[Data segment]
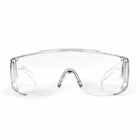 Forcefield - Lunettes de sécurité pour visiteurs - transparent-CAN/CSA Z94.3:20 / ANSI Z87.1+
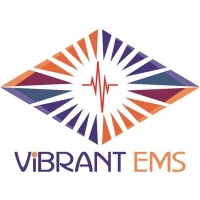 Vibrant EMS logo - Similar company to Avl Engineering Bureau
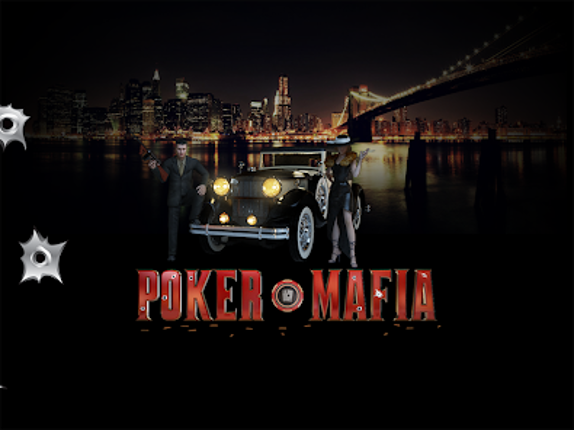 Poker Mafia screenshot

[Task to complete]
Restate every line above word for word. Do not carry over the images.

[Exercise result]
 Forcefield - Lunettes de sécurité pour visiteurs - transparent-CAN/CSA Z94.3:20 / ANSI Z87.1+
 Vibrant EMS logo - Similar company to Avl Engineering Bureau
 Poker Mafia screenshot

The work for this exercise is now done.